Delivery of ovalbumin into the skin

MN-600 was coated with 30 μl of a solution containing 30 μg ovalbumin (OVA) conjugated with Alexa 488 (Invitrogen, Thermo Fisher Scientific, Waltham, MA, USA) and air-dried. Thereafter they were manually pressed for 1 min onto the stretched skin, pre-cut into 2 × 2 cm pieces, and left on the skin for 1 h at room temperature (Fig. 2C). Then the skin was washed with PBS and punch biopsies (0.5 cm in ∅) were taken at the center of the treated site expanding the whole thickness of the skin, or the skin was further incubated at 37 °C for 24 h (Fig. 2C). Here, the skin specimens were placed on grids (3 cm in ∅) inserted into 6 well plates (Falcon, Corning, NY, USA) containing 2 ml RPMI 1640 medium (Gibco, Thermo Fisher Scientific) and supplemented with 2 mM L-glutamine (Gibco, Thermo Fisher Scientific), 100 IU ml⁻¹ penicillin, 100 μg ml⁻¹ streptomycin, 50 μM β-mercaptoethanol, and 10% heat inactivated fetal calf serum (HyClone, South Logan, UT, USA), ensuring the skin to have contact with media. Thereafter, the skin surface was washed with PBS, and punch biopsies were taken as above. Alternatively, non-coated MNs was manually pressed for 1 min onto the skin, removed and thereafter a drop of 30 μl containing 30 μg OVA-Alexa 488 was applied onto the pierced skin (Fig. 2D). After 1 h at room temperature, the skin was washed with PBS and biopsies were taken, or the skin was further incubated at 37 °C for 24 h in a similar way as above followed by taking punch biopsies (Fig. 2D). As a control, a droplet of 30 μl containing 30 μg OVA-Alexa 488 was applied onto the top of non-pierced skin and incubated at 37 °C for 24 h as above. Thereafter, the skin was washed with PBS and punch biopsies were taken. All biopsies were snap-frozen and stored at −80 °C.

For the analysis of the delivery of OVA into the skin, 20 μm-thick cryostat sections were prepared from the biopsies and fixed in cold acetone/H₂O 1 : 1 for 30 s, followed by 5 min in 100% acetone. After washing with PBS, the samples were stained with mouse anti-human CD1a (BD Biosciences, Franklin Lakes, NJ, USA) followed by Alexa Fluor 555 anti-mouse IgG (Invitrogen). Slides were mounted with Vectashield Antifade Mounting Medium (Vector Laboratories, Burlingame, CA, USA), and images of the planes at varying depths within the skin sections (z-scans) were acquired by using confocal microscopy (TCS SP2; Leica Microsystems, Mannheim, Germany).

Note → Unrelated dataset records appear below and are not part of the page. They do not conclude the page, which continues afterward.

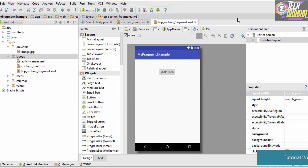Hello and welcome to this tutorial. In this tutorial we will be creating the Java class for our fragment and also we are going to design the bottom section fragment. In the previous tutorial we designed the top section fragment's layout file, which consists only of the GUI and does not consist of the Java code.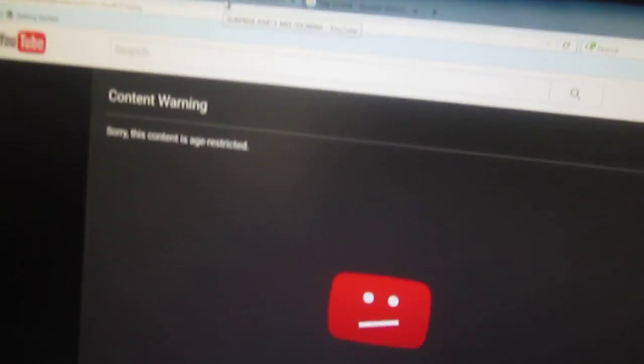And guess what, and guess what, content warning. Sorry, this content is age restricted, blah blah all that stuff. Why, why is everything age restricted, alright?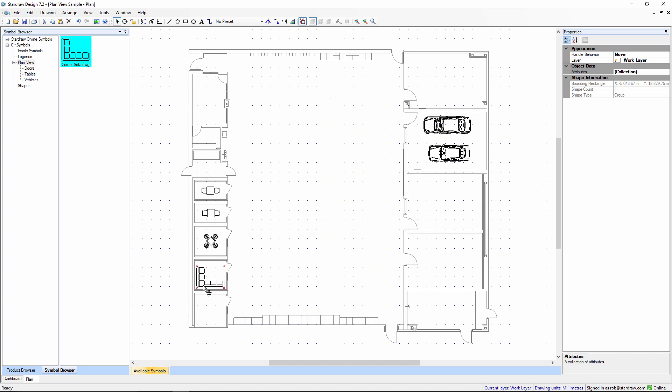You can customize the symbol browser by adding your own symbol folders and save drawings into those folders to create your own custom symbols.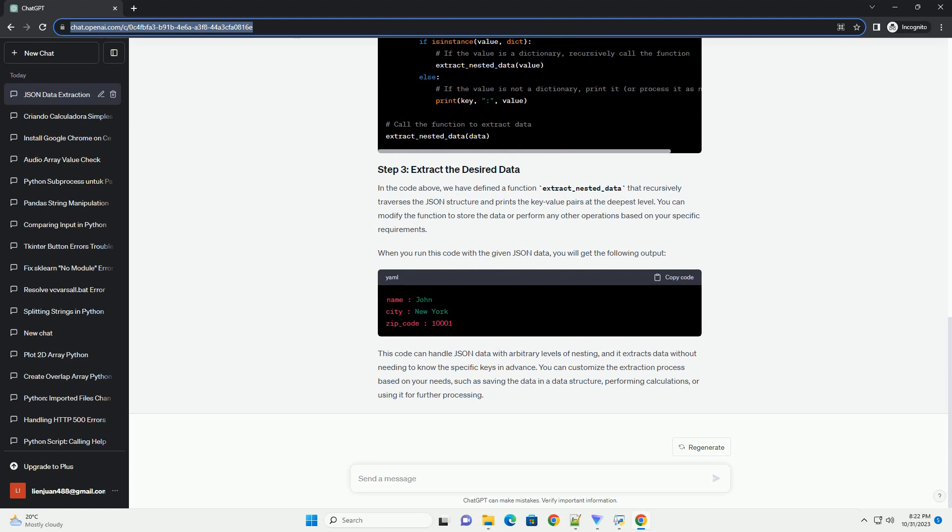When you run this code with the given JSON data, you will get the following output. This code can handle JSON data with arbitrary levels of nesting.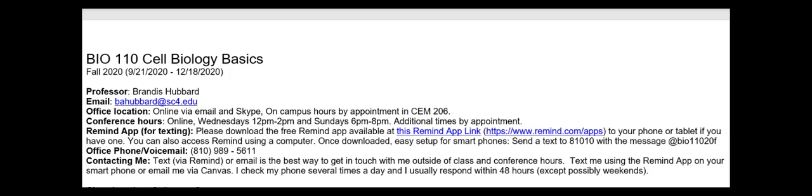I am available via text through Remind or email — those are the two best ways to get in touch with me outside of class or outside of conference hours. This semester I'll be fully online, so emailing or texting me during conference hours is when you'll get a hold of me quickest. I check my phone multiple times a day and usually respond within 24 to 48 hours, except possibly on weekends if I'm out of town or without service.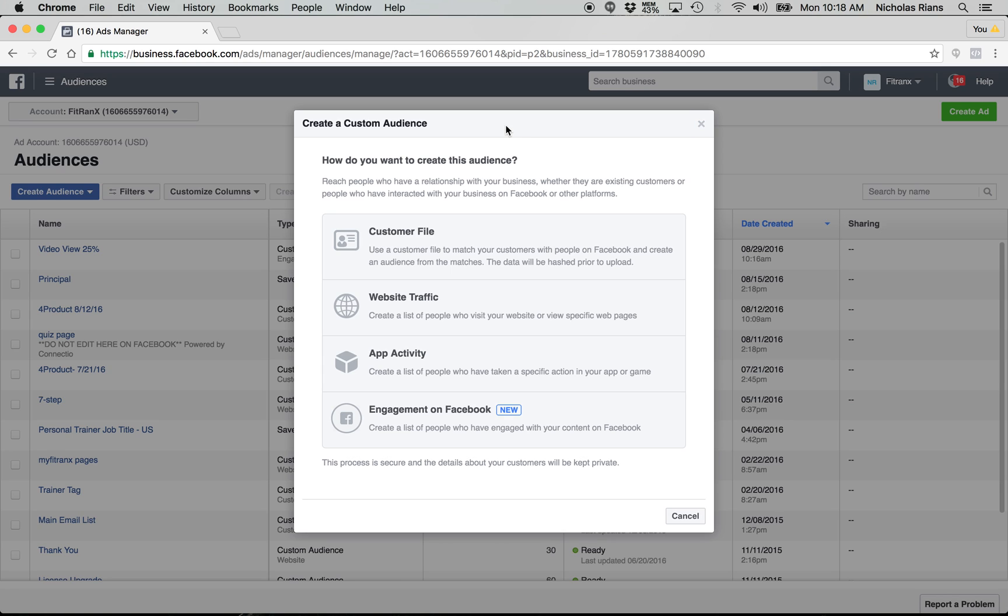All right. So another question I've been getting is how do we retarget the people that viewed our video?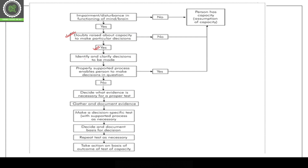If there is impairment, the process continues; if not, the person is assumed to have capacity. If there is doubt about capacity to make a particular decision, further assessment continues. The process involves identifying and clarifying the decision to be made, gathering documents and evidence, making decision-specific tests, deciding on the basis of documented evidence, repeating the test if necessary, and taking action based on the outcome of the capacity test.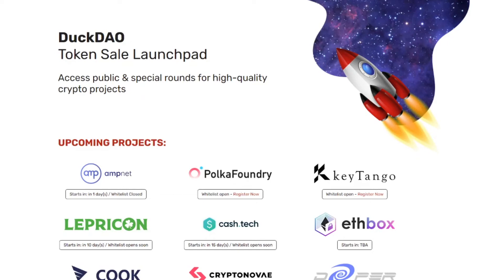Hi everyone and welcome to a new video. In this video we're going to do a follow-up on the DuckStarter project. So we're going to take a look at what happens after you get whitelisted and what the chances are of getting into one of these projects and actually getting tokens.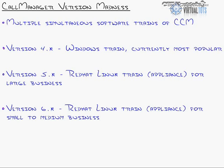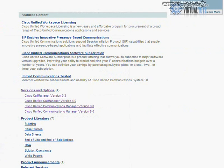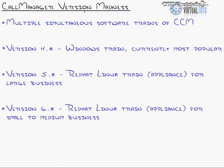Cisco has worked hard to get that message out, but it's still poorly received. They now have multiple trains of Call Manager running simultaneously. Looking at the Cisco Call Manager page, you can see versions 3.3, 4.0, 5.0, and 6.0. Version 3.3 is still supported but no longer sold as new. The 4.0, 5.0, and 6.0 series still have new releases available. The 4.x train is currently the most popular.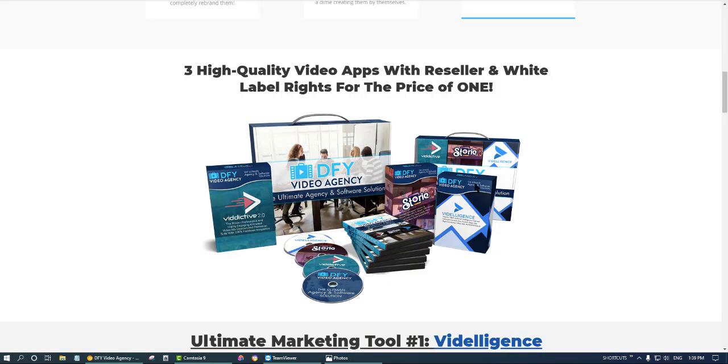Hello friends, on this video today I'm talking about the new product launch DFY Video Agency. This is a very good product. I have checked the sales page and what I am offering for you today.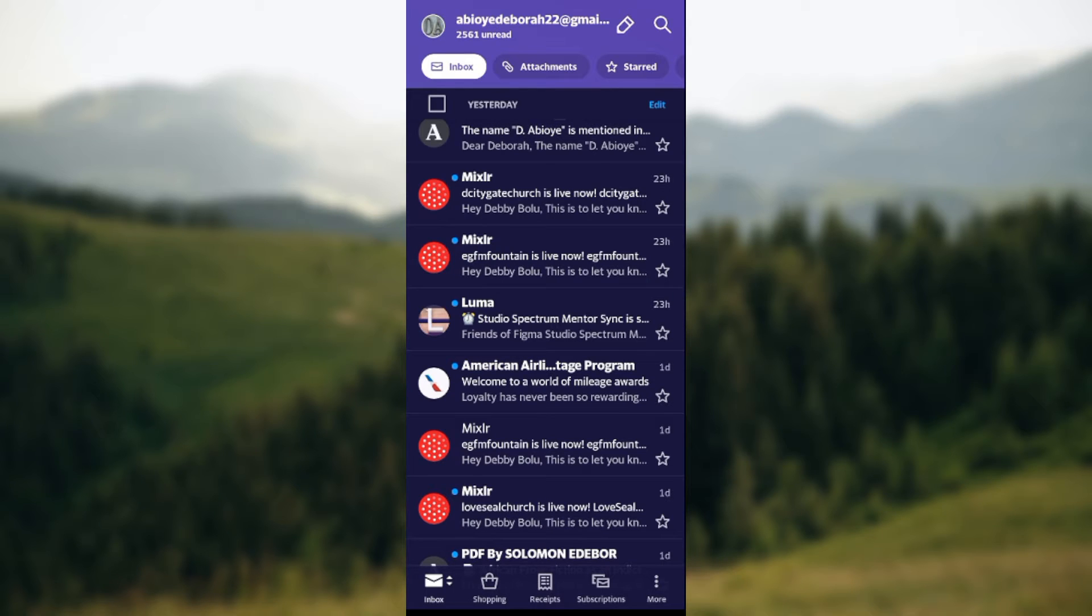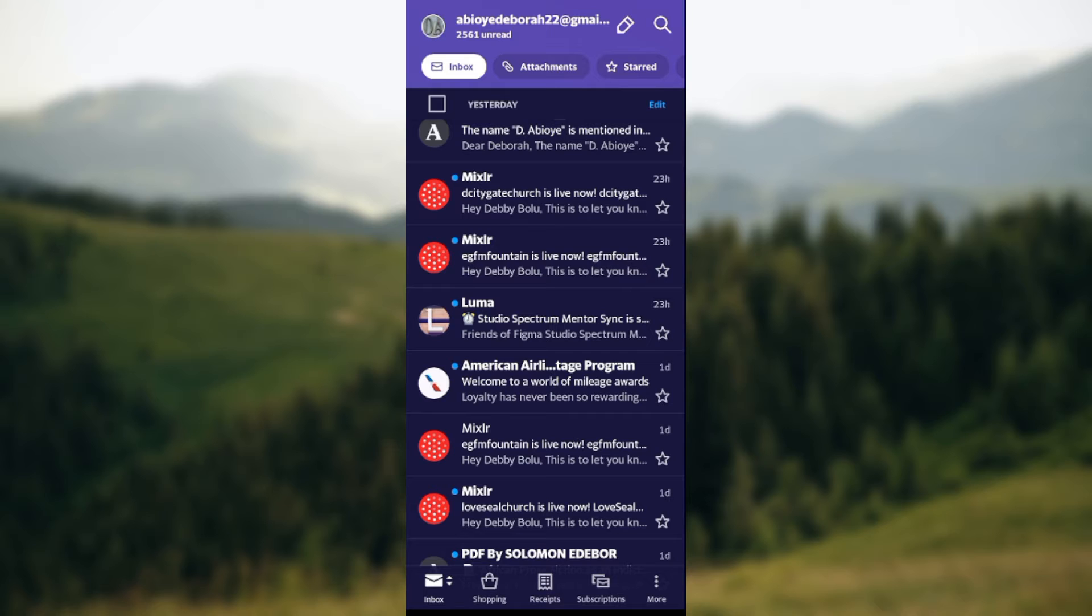to open up the Yahoo Mail application on your mobile device. Once you've opened it up, you will be brought to the inbox page automatically. Now on this inbox page, by the top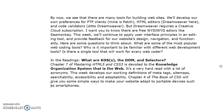By now we see that there are many tools for building websites. You'll develop your own preferences for FTP clients — mine happens to be something called Fetch. HTML editors — my favorite is Dreamweaver, as is my favorite code validator, since it's really convenient when it's built into the HTML editor. Dreamweaver requires a Creative Cloud subscription, but there are free WYSIWYG editors like SeaMonkey for those who prefer open source software.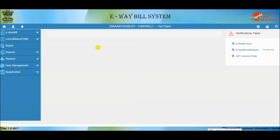In this presentation, we will understand the various options available in the E-Way Bill system. Once you are logged in, the system will display the main menu of the E-Way Bill system as shown here. You can see the main options on the left menu bar.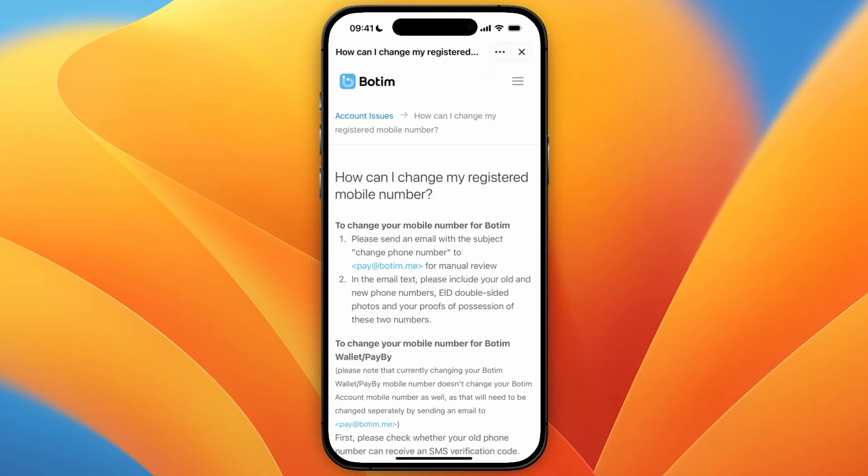Then you will see this screen showing your registered mobile number. To change it, send an email with the subject 'Change Phone Number' to pay@botim.me, and in the email text include your old and new phone numbers.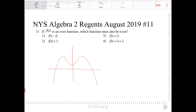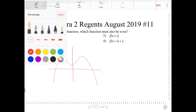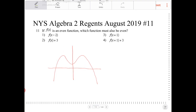Looking at these options, all of them are undergoing some kind of transformation. Which of those transformations would result in the function still being even? Looking at option one, f of x minus 2 — this is moving two units to the right. What will happen is we'll end up with something that is not even, because it's no longer symmetrical over the y-axis; it's symmetrical over some other vertical line.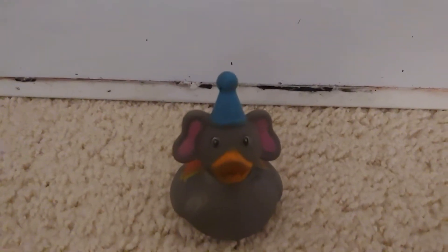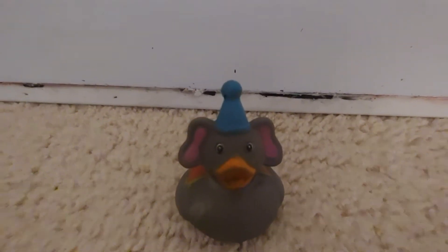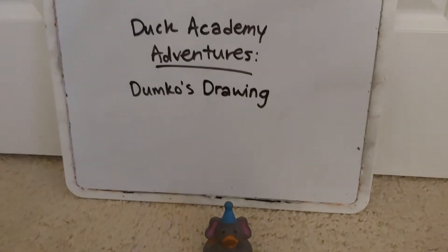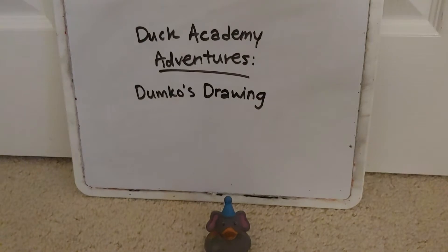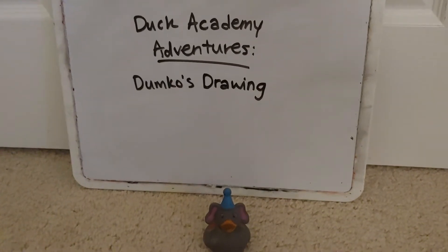Hi, I'm Dumco, and welcome to Duck Academy Adventures, Dumco's Drawing!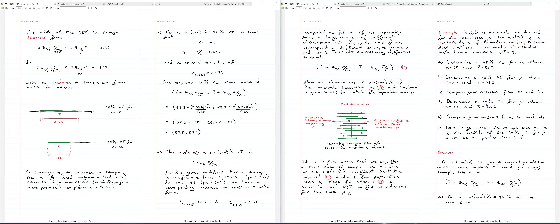Part D: same sample size of 100 and same observed sample mean as part B, but with a 99% confidence level instead of 95%. We need a new z_{alpha/2}: with 99%, alpha = 0.01 and alpha/2 = 0.005, so z_{0.005} = 2.576. Plugging this into the confidence interval formula with the same n = 100 and sigma = 3 gives a wider interval than part B.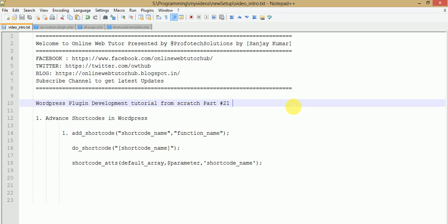Hello guys, welcome to Online Web Tutor presented by Profo Tech Solutions team. I am Sanjay. This is part 21, a continuation of part 20. If you are beginning from this video session, I strongly recommend you watch my previous video session first, because in our last session we discussed many things in WordPress plugin development from scratch — sub menus, dynamic tables, dynamic pages, and basic shortcodes.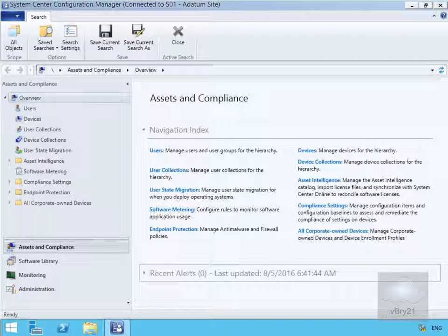In this demonstration we look at configuring client settings for hardware inventory. We're going to configure the hardware inventory settings, configure a custom memory schedule, and customize some hardware inventory classes.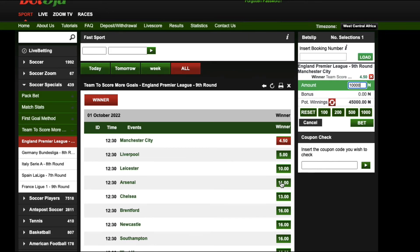What if Manchester City scored six goals, Arsenal scored six goals, and Chelsea also scored six goals? What would happen to this winning? The odds would be divided by three, so instead of a 45,000 naira winning...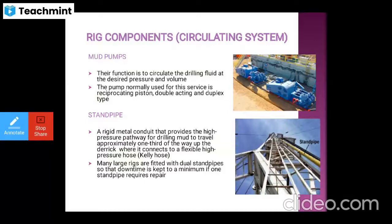Prime movers supply power to all drilling operations. They may be steam engines, electric motors, or internal combustion engines. The bulk of rig power is consumed in two main operations: circulation of fluid and the hoisting system.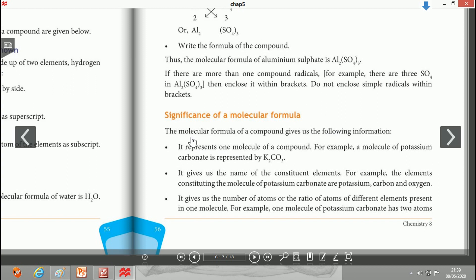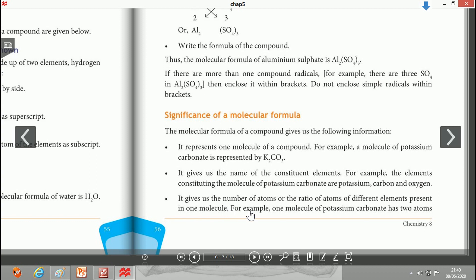The molecular formula of a compound gives us different information. It represents one molecule of a compound. For example, a molecule of potassium carbonate is represented by K2CO3. It gives us the name of the constituent elements — in this case, potassium, carbon, and oxygen. It also gives us the number of atoms, or the ratio of atoms of different elements present in a molecule.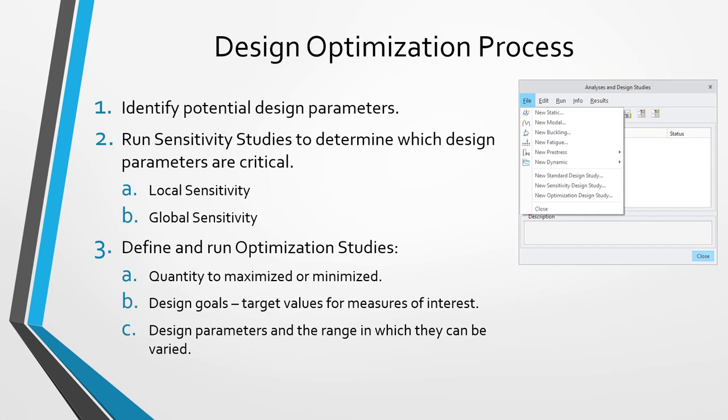Running the optimization study is the third step of the design optimization process. When you're setting up your optimization study, you're going to pick some quantity to be maximized or minimized. Typically, in structural analysis, a lot of times this ends up being the mass of the part, but it could very well be something like the modal frequency. Then you're going to select different design goals. For example, maybe you want the stress to be below some certain value, or you want the displacement to be below a value, or you want the temperature to be below a value, or maybe you want a modal frequency to be above a certain value. You can select multiple different design goals, and then you're going to select those design parameters, which you determined were critical from the global sensitivity studies. You're going to establish a range over which they can be varied, and you're going to establish an initial starting value.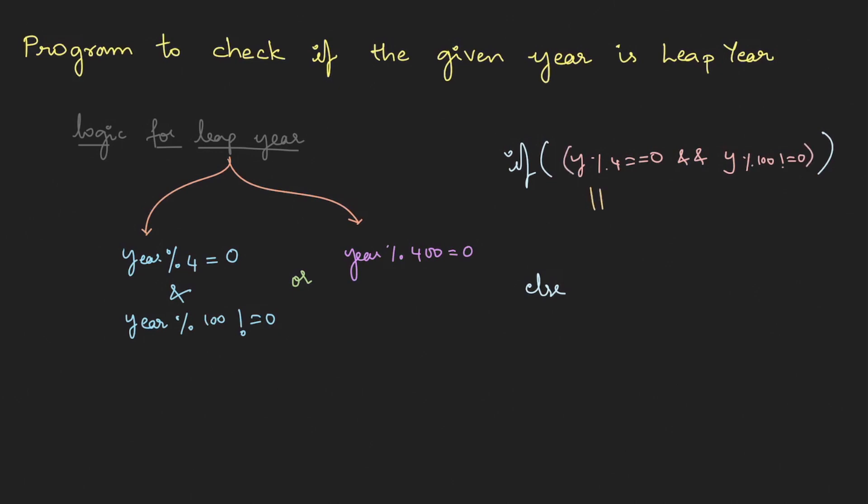one condition. Or, the second condition is year modulus 400 must be 0. If any of these two satisfy, then we're going to print it as leap year, otherwise it is not a leap year. Okay, let's do this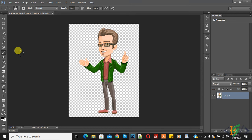Bismillahirrahmanirrahim. Assalamu alaikum, my name is Assan. Today we will change the background of a transparent image. Before starting, please subscribe to my channel. Thank you. Now let's get back to our work.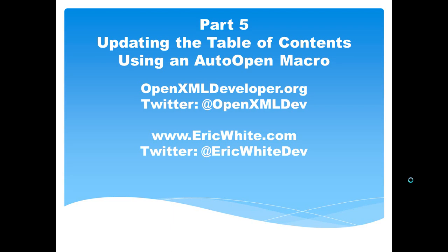This is Eric White. This is the fifth screencast in this series on inserting and updating Word Processing ML tables of contents.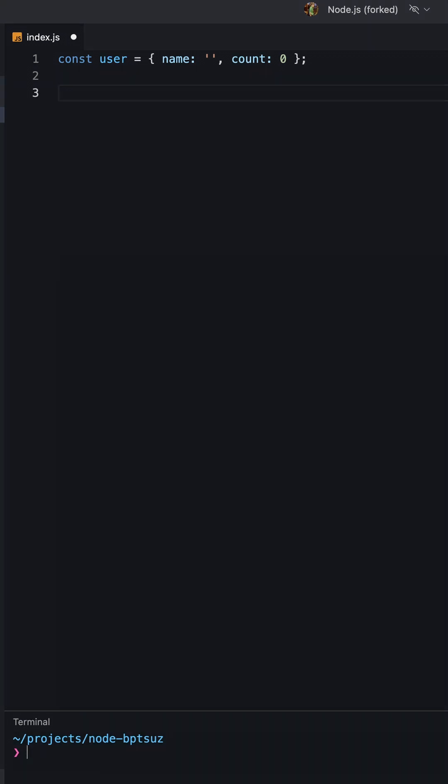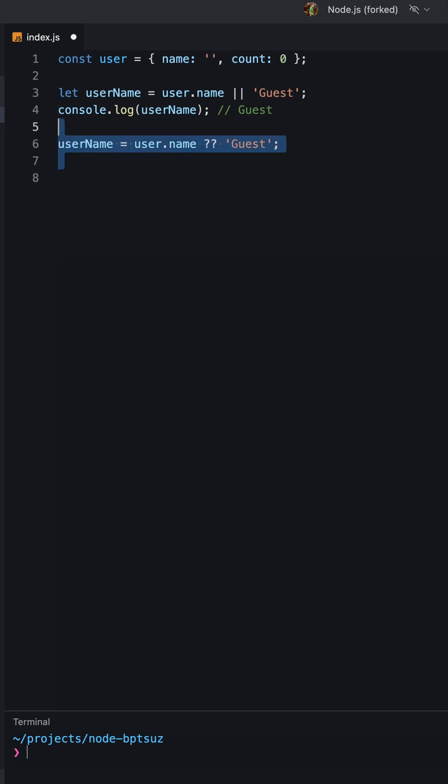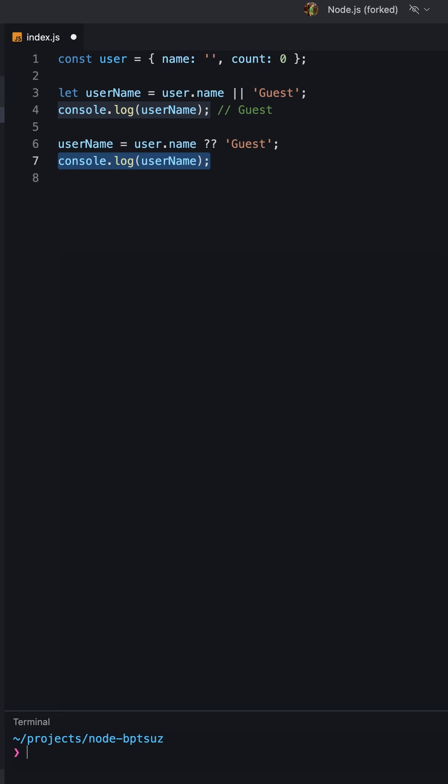Let's see an example of how to use the nullish coalescing operator. In this example, if we use the logical or operator, the value of username will be guessed because the value of user.name is an empty string, which is a falsy value. However, if we use the nullish coalescing operator, the value of username will be an empty string because the value of user.name is not null or undefined.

Quantitative analysis of released OVA

To quantify the release of OVA loaded onto MN-600 arrays, the MNs were soaked in phosphate buffered saline (PBS) at 2 ml per MN at room temperature. The MNs were removed after 10 min, 30 min, and 1 h, and thereafter dried at 40 °C over night. Each MN array was cut with a sharp knife and split into 9 pieces before further analysis to achieve several data points from the same MN array over time. The weight of OVA left in the MN arrays (n = 3) was analyzed by thermogravimetric analysis (TGA, TGA/DSC 3+ and TGA/SDTA 851e, Mettler-Toledo, Greifensee, Switzerland), whereby the release of OVA into PBS could be estimated. The analyses were performed in aluminum pans between 25 and 600 °C at 5 °C min⁻¹ under an air atmosphere.

Results

Characterization of bioceramic MN-300 and MN-600

The pyramid shape of the needles was similar for MN-300 and MN-600, with a tip diameter of approximately 3 μm (Fig. 3). The higher magnification of the SEM images indicated that the MNs were porous (Fig. 3C and F). The pore size of MN-300 varied from 1.5 μm to 22.4 μm, and the volume average pore size was 11 ± 2 μm (n = 3). The pore size of MN-600 varied from 1.5 μm to 37.4 μm, and the volume average pore size was 12 ± 1 μm (n = 3), see Fig. 4. Thus the pore size distribution and volume average were similar for both MN arrays. The X-ray diffraction patterns (Fig. 5) show that both MN-300 and MN-600 mainly contained gypsum–calcium sulphate dihydrate with some residues of unreacted bassanite–calcium sulphate hemihydrate from the precursor powder.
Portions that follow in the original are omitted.